I won’t pretend I know how it feels to be a woman in prison. I won’t pretend I know how it feels to be policed day and night. I won’t pretend I didn’t feel uneasy.. afraid to imagine myself in a prison.. I won’t pretend I’ve “shared a room with seven other women”, outside of a classroom or job.. And it doesn’t feel easy to say better you than me to the voices of Public Secrets..
If i dig deep enough with the peeling fingers of emotion, there is darkness and danger that lurks. And it is this darkness I will blame, yes my own, that contributes to the existence of prison.
I bought a cup of coffee this morning. A white man.. bald, with a limp in his left knee walked out before me. Unless I was invisible, or am to him, he saw me. I closely followed as he walked out. The door closed enough to force me to open it for myself if I wanted to exit. Yesterday, a black man.. unless I was or am invisible to him, saw me approaching the doors of the store we were both entering.
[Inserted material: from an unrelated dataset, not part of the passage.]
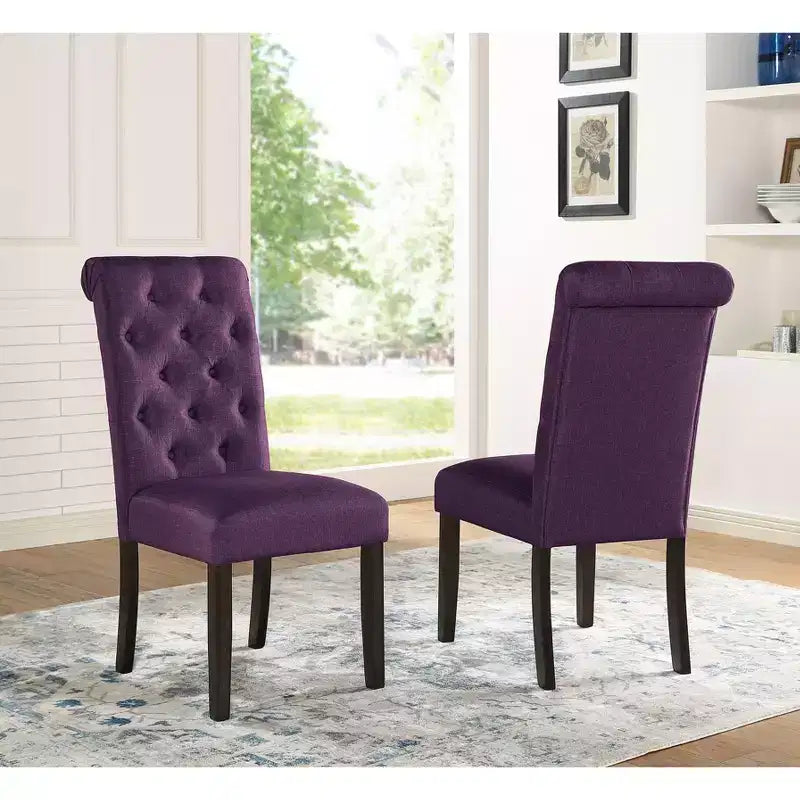 Okak Chaises de salle à manger modernes en bois massif avec dossier capitonné de luxe, lot de 2, chaises d'appoint rembourrées pour salon/salle à manger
The door closed, forcing me to open it if I wanted to enter.
They both knew better right? Their mothers should have taught them better.. their fathers. But the fact is, I’ve never told my son to hold the door open for a woman or a man.. in my presence, I hold the door for women and men.. I hold the door for him and my daughter. Maybe they’ll learn by example. Ladies first? I iron my Daughter’s clothes before my son’s. But I’ve never said Son, Ladies first.
If they assume my actions as customary, as expected, what will the effect be when the action is not returned. “Each of us is always affecting each other in every relationship.. in every situation.”
The white man I thought. He must be a nazi. He must not like black people. He went to the passenger side of a red truck. Me, the driver’s side of my car. Already an empty coffee cup in the cup holder, I took it out and walked to the trash can, which was closer to the door than usual. What does he think? Does she have a gun? Will she shoot me because I didn’t hold the door? Will she hit me? What will she do.. Maybe that’ll teach him right. You don’t know what people will do. Police yourself.
The hour was not many minutes after 6 am, and of course, it is dark this time of year, that time of morning. Cars were parked, no people. I was alone. I was over the white line. If the park to the right of me were the only one left in the lot, it’d be useless a vehicle that could have otherwise made use. If I’d only left just a little more space. If I’d only paid attention to being in the line, I can help someone be less annoyed. I can help someone in their attempt to stop using the word asshole, or bitch. Or jerk. (”They get on the microphone and call us bitches and sluts.” Well, “they” rap it too. We buy, download, listen, and that’s not an invitation). I can help someone get to class on time. I can help someone believe God heard their prayer. “Lord, please let there be a park. You know how ridiculous parking is. And the 168 parking spaces available in lights on the parking garage signs is lies.” As I walked in darkness, I thought that white man may have felt I disrespected him and will kill me. Afterall, I should stay in line. If I’d provoked him with my response, although unverbal, but perceivable, if he’d been thinking like me, I would have participated in my own death. And the keys that shook to the left of me as I passed Westcott jingled friendly, so I wouldn’t perceive a threat. After all, I was a woman, alone, in the dark. And the Budget truck that circled said no one will hurt you. I’m here. The gentleman that projected “Ok, you have a good day now” wanted me to know he was there, to not startle me if I heard him approaching. If at any of these moments I’d not assessed these happenings, or assessed them as threats, what would my benefit of the doubt contribution to society have been for today. Oh but you shouldn’t be so naïve you say. Well you shouldn’t be so provoked, I say.
Panopticism: To induce a state of conscious and permanent visibility that assures automatic functioning of power, by one assuming responsibility for himself, by spontaneously enforcing upon himself the constraints of power, in which one simultaneously plays both roles. The more this self-inflicted power approaches its limit, the more profound and permanent are its effects.